Kollegenzusammenhalt

Vorne hui - hinten pfui. Jeder lästert über jeden.

Work-Life-Balance

Kommt darauf an, in welcher Abteilung man ist, bzw. wer der Vorgesetzte ist.

Vorgesetztenverhalten

Es wird kommuniziert, dass alles angesprochen werden kann/darf. Wenn man dies jedoch tut, steht man auf der Blacklist und wird aus dieser nie wieder gestrichen. Bossing wird tatenlos akzeptiert.

Interessante Aufgaben

Wenn man immer mehr Aufgaben bei gleicher Entlohnung als interessant empfindet.

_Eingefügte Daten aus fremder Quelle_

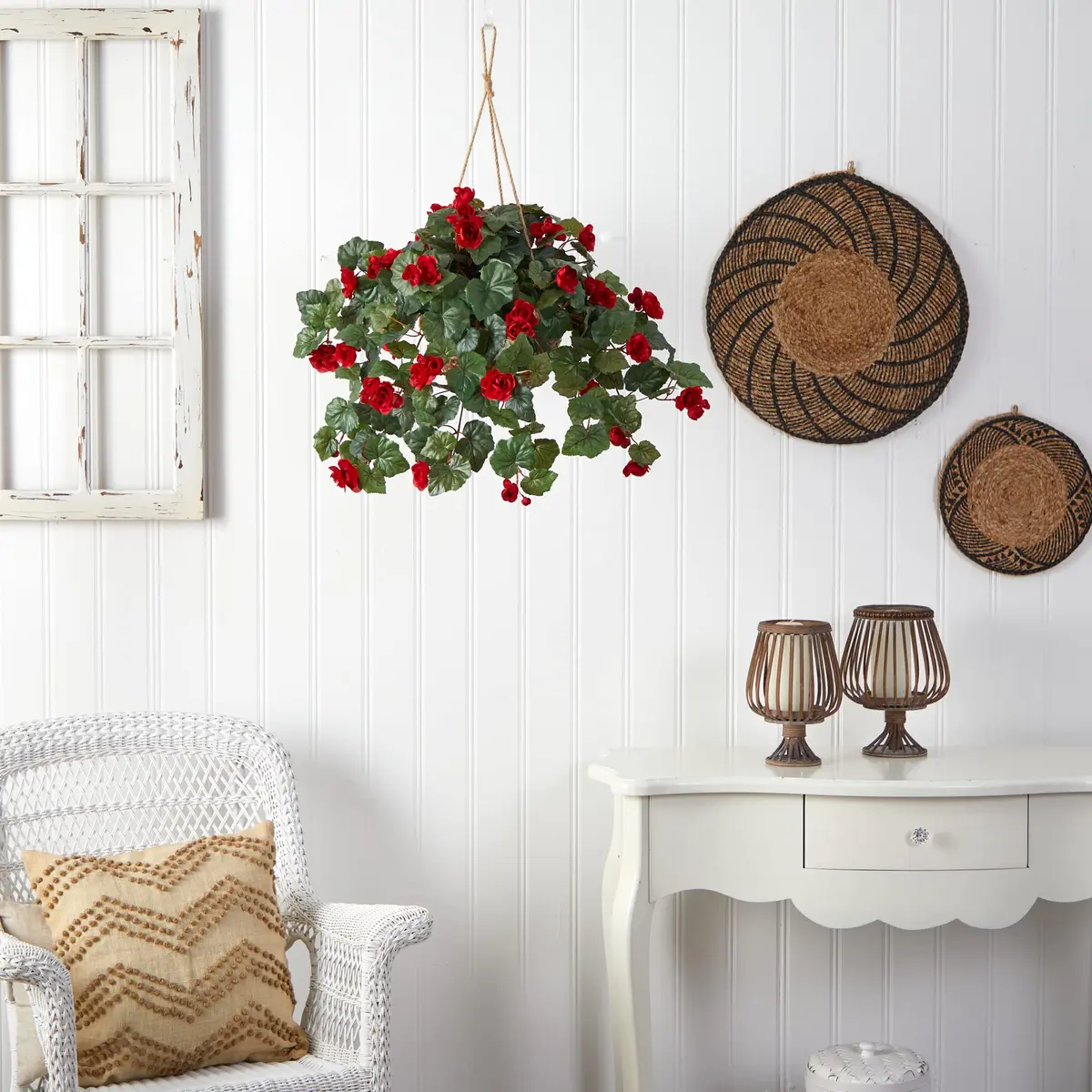 Nearly Natural Begonia Hanging Basket 24 In. H (61 cm) | Realistic Style Artificial Plant with Red Blooms - view 6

Dann hat man interessante Aufgaben.

Gleichberechtigung

In dieser Firma ein Fremdwort.

Umgang mit älteren Kollegen

Kann ich nichts dazu sagen.

Arbeitsbedingungen

Kommt auf die Abteilung an.

Umwelt-/Sozialbewusstsein

Es wird wenig auf nachhaltige Verpackung und nachhaltigen Versand geachtet. Im Fahrzeugpool befinden sich genügend Fahrzeuge, die jenseits des „gepredigten“ CO2 Ausstoßes liegen.

Gehalt/Sozialleistungen

Gehalt - sehr nieder. Sozialleistungen - gut.

Image

Das Image ist zwar gut, aber die Tatsachen sind leider andere. Nach außen wird vermittelt, dass dies ein sehr sozialer Arbeitgeber ist. Leider ist dies bei genauer Betrachtung (was man leider erst merkt, wenn man längere Zeit dort arbeitet und die „Verflechtungen“ kennt) nicht der Fall.

Karriere/Weiterbildung

Es wird viel intern geschult, was sich negativ auf das kollegiale Umfeld auswirkt. Personen werden für Tätigkeiten (Schulungsleiter, als Key-User etc.) eingesetzt, obwohl sie dafür nicht eingestellt wurden. So haben sie zum Teil nicht die nötige Kompetenz und haben wenig Zeit für die eigentliche Arbeit. Es wird definitiv zu viel verlangt.